Metrics
Kango service exposes various Prometheus metrics to monitor the health and performance of the Kafka producer, consumer, and message processing operations.
All metrics are exposed via OpenTelemetry and are compatible with
Prometheus scraping. These metrics can be accessed at endpoint /-/metrics
.
Kafka values are periodically updated by an internal process of
librdkafka
. This update period defaults to 10 seconds,
and it can be customized by setting statistics.interval.ms
property of librdkafka
.
However, it is recommended to not configure it and use its default value.
Service Internal Metrics
These metrics are specific to the service functionality and provide insights into data processing and stream operations.

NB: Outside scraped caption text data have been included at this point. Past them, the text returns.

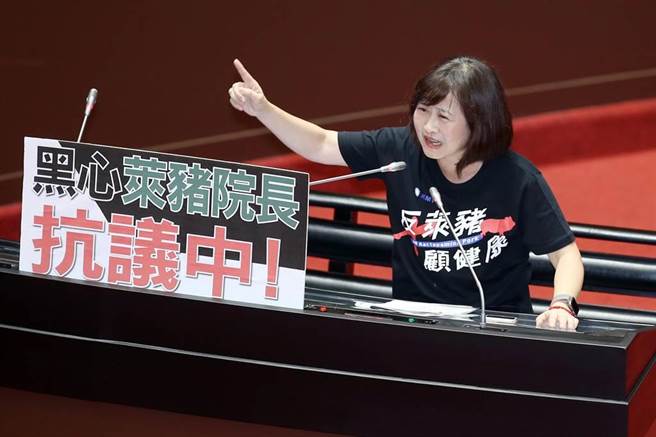 国民党立委林奕华上台质询行政院长苏贞昌时，质疑莱猪进口没有查厂、没有强制标示就是谎言。（姚志平摄）
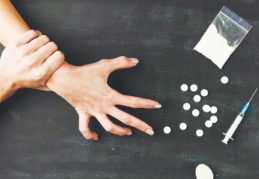 Uyuşturucuda en kritik dönem 15-24 yaş arası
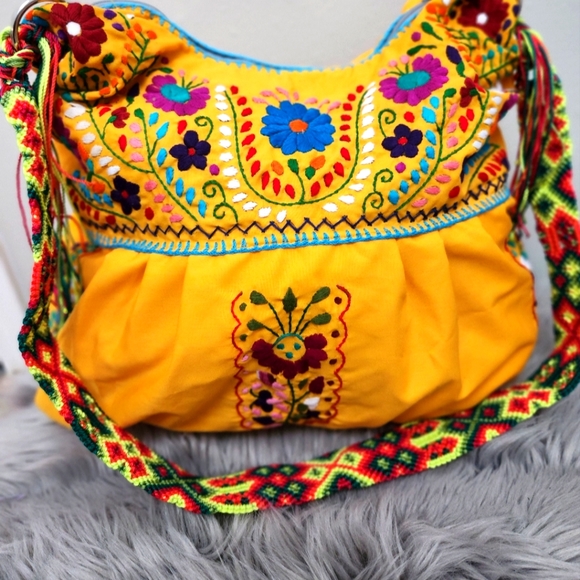 Yellow embriodered Mexican purse - Picture 2 of 7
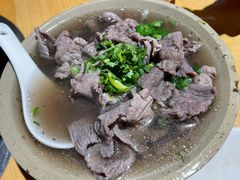 -大众跷脚牛肉馆·非遗传承单位(峨眉山店)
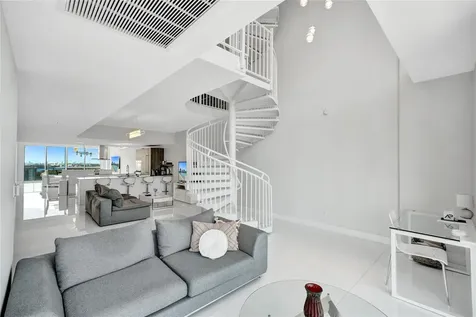 400 Sunny Isle Boulevard Sunny Isles Beach FL 33160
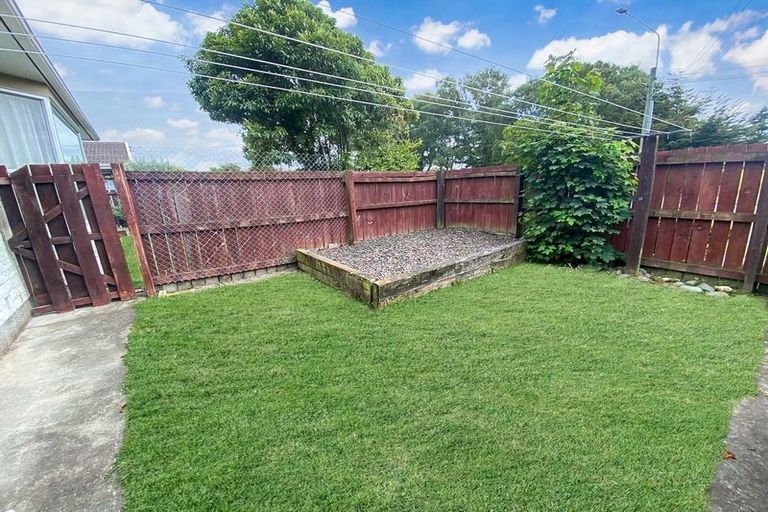 Photo of property in 1/46 Prestons Road, Redwood, Christchurch, 8051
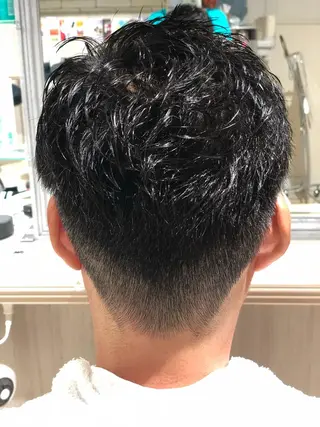 メンズ 似合う髪型が 分からない方へのヘアスタイル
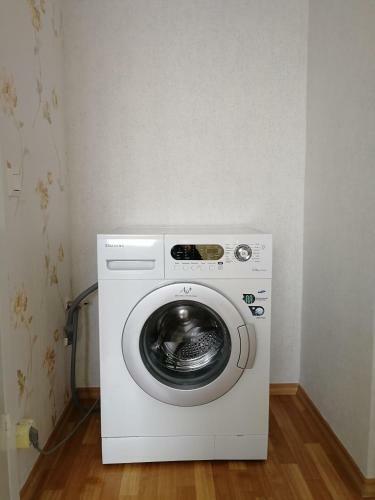 Apartment On Surgutskoe Shosse 9
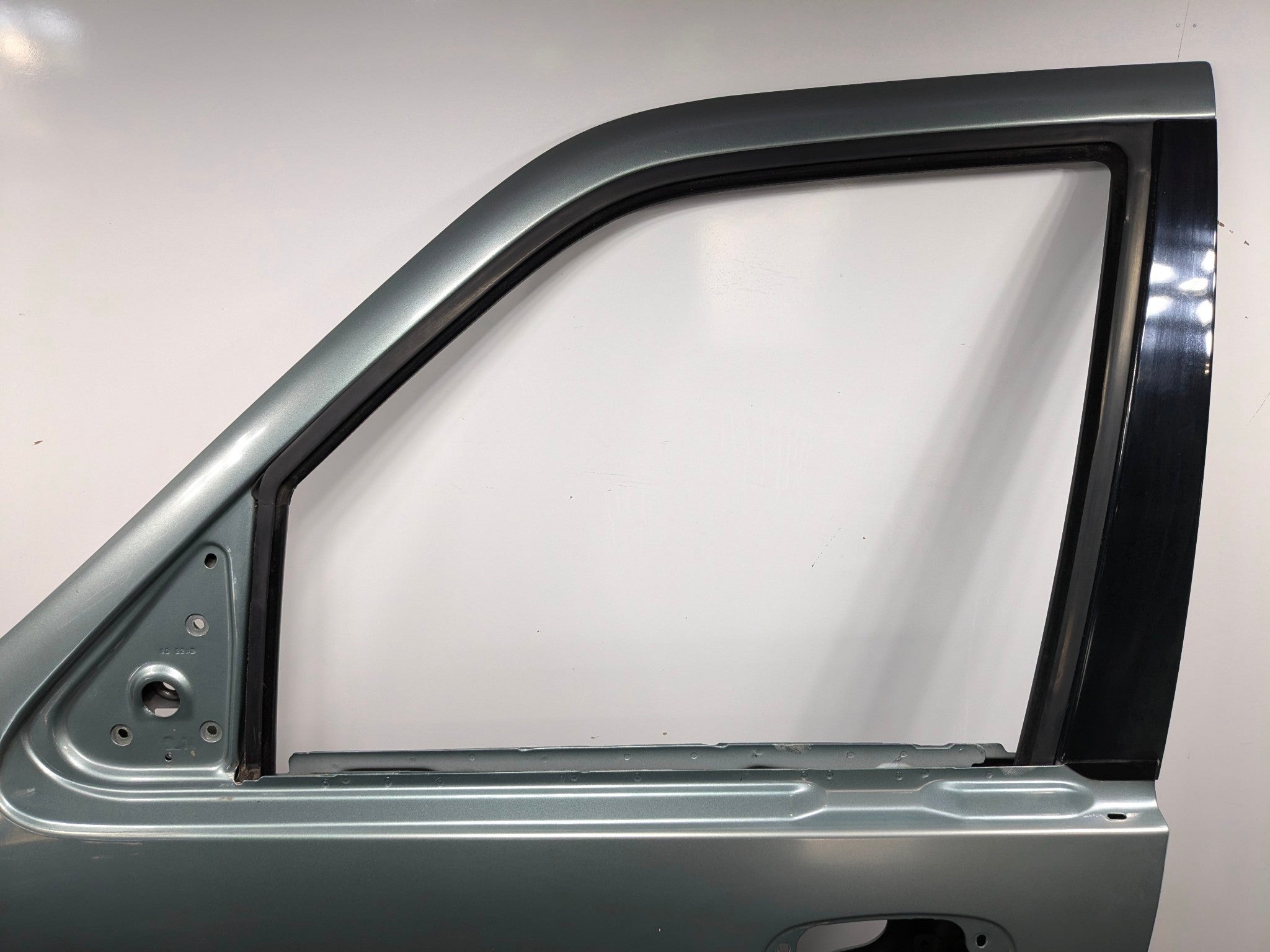 03 - 06 OEM LINCOLN NAVIGATOR FRONT LEFT DRIVER SIDE DOOR SHELL PANEL STROM DUST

Metric name | Metric type | Description | Labels | Status |
---|---|---|---|---|
ka_flushed_messages | Counter | Number of messages that have been written to the persistence layer | result =<ok|err> | STABLE |
Kafka Consumer Metrics
These metrics are collected from the underlying Kafka consumer client and provide insights into Kafka connectivity, performance, and consumption behavior.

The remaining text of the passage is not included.